Some of the biggest advances in recent years have occurred in the field of fire-resistant materials, including carpeting and wood that has been chemically treated. These, Wilson says, are too often overlooked by architects in favour of cheaper options. In the UK, the Government Indemnity Scheme, which provides insurance for institutions exhibiting loans of art, excludes potentially flammable works, including those with motors or moving parts. William Brown, the national security adviser to the Arts Council England, explains that artists are usually best placed to maintain their works but, as wires corrode on decades-old digital art, the threat to public safety may eventually outweigh the benefits of being displayed.

Although organic, combustible materials are making a comeback as the construction industry reduces its carbon footprint, the integration of automatic fire suppression systems can help quickly extinguish any accidental ignition.

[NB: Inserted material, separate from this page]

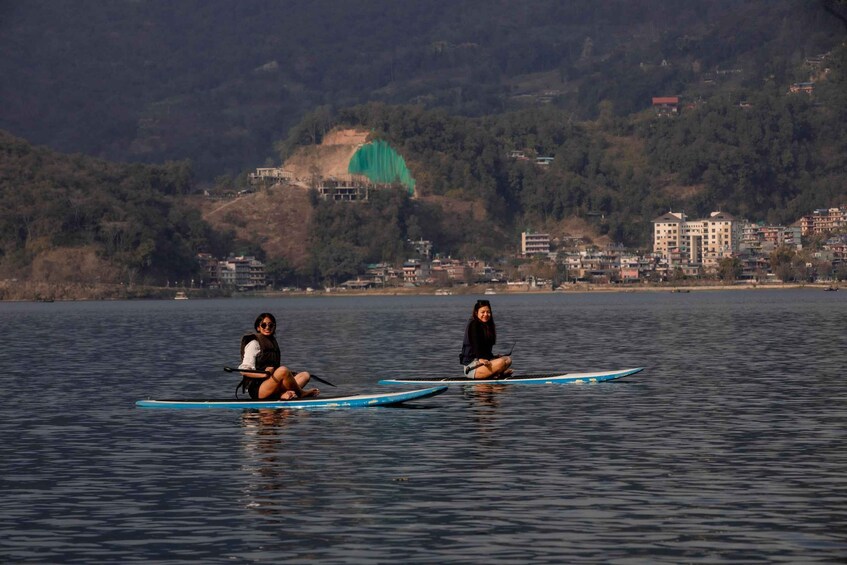 Two people on paddleboards in a calm body of water with a hilly landscape in the background. 5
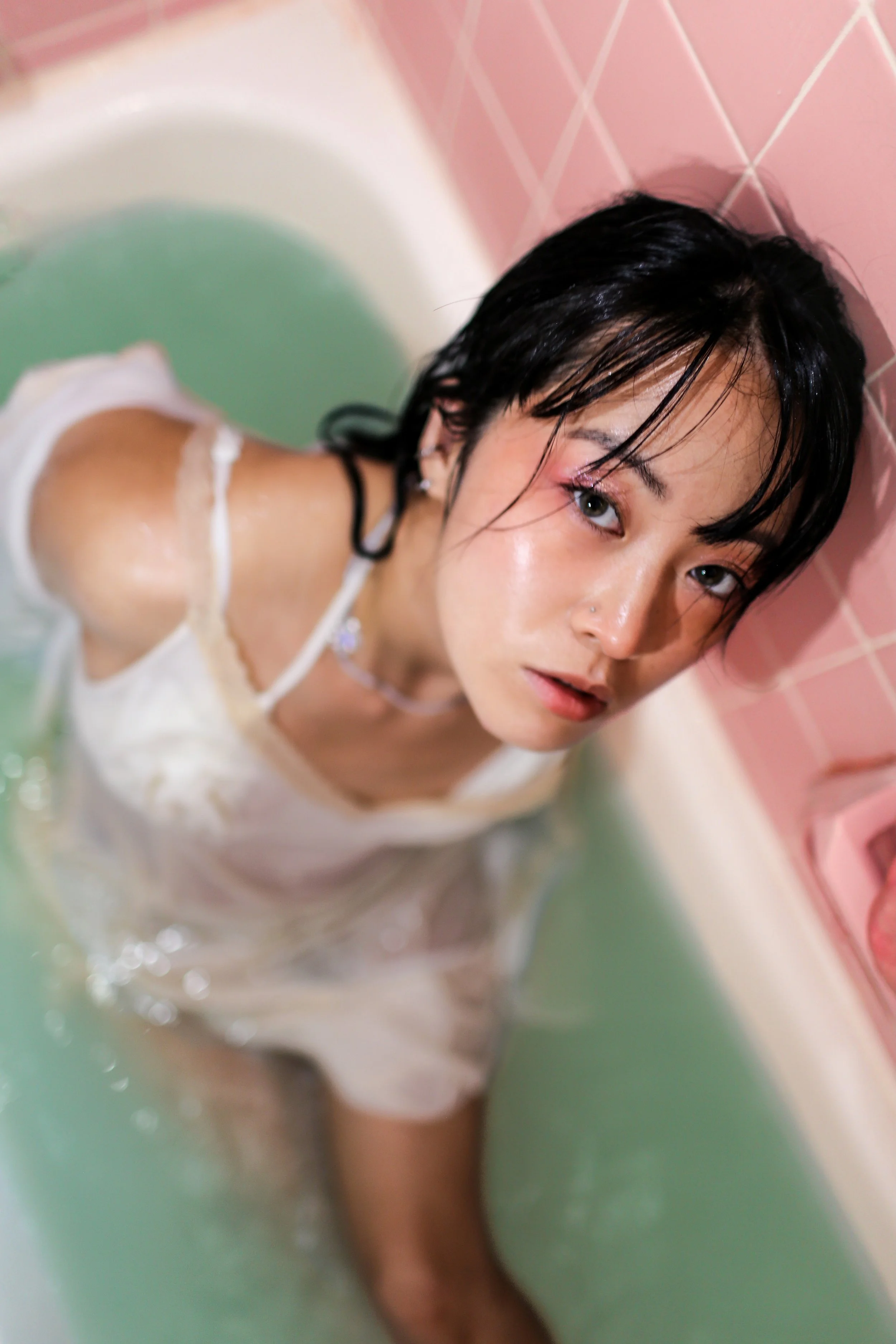 Woman with wet hair and makeup sitting in a bathtub filled with water, with pink tiled wall behind her.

These systems include sprinklers, ventilation and smoke evacuation systems; Wilson goes so far as to suggest that the majority of museum fires break out in their absence. Activating as soon as smoke is detected, these measures inevitably respond faster than external fire services and their speed means they can be administered locally. A recent innovation for objects that are particularly vulnerable to water deluge, such as books, is the use of high pressure systems that emit delicate films of mist.

Installing automatic fire suppression systems is expensive but Wilson believes that the price pales in comparison to restoration work. ‘Every time there’s damage to a significant cultural institution we hear cries to rebuild and improve, but that’s a lot more expensive than installing preventative measures,’ he says. Brown says that retrofitting these features can be tricky, not least because the conservation of listed buildings tends to rule out drilling or attaching wall fixings, calling instead for battery-powered, wireless technologies.

When it comes to relying on local fire and rescue services, Brown suggests engaging with them early on and inviting them to get to know the property. ‘The fire service now have a statutory responsibility to safeguard heritage,’ Brown says, citing the Cuming Museum fire of 2013 as an example of trained officers from the London Fire Brigade successfully rescuing the substantial majority of a collection. In partnership with English Heritage and the National Trust, Brown runs a heavily subscribed salvage and disaster recovery course – currently booked for heritage workers, tutored in part by fire safety professionals.

Classified as a high-rise, the Getty Center is beholden to strict fire prevention rules, but its reinforced concrete and steel structure is further clad in fire-resistant travertine. One million gallons of water are stored on site but, with an HVAC system that monitors pressure and manages smoke, the sprinklers are a last resort. The centre is most admired for its surrounding landscape, which is meticulously irrigated and treated to an annual program of brush clearance and fuel reduction in preparation for the low humidity, high wind conditions of Californian autumns.

Taken as one holistic system, the Getty’s fire prevention system is state of the art. Everyone I speak to emphasises their commitment to freely sharing their expertise, and Brown says that, despite the differences in climate, museums and historic properties in the UK have paid close attention to the Getty. The benefits are spreading piecemeal, but new builds are increasingly being installed with similar systems so that they might reduce the risk of fire by design.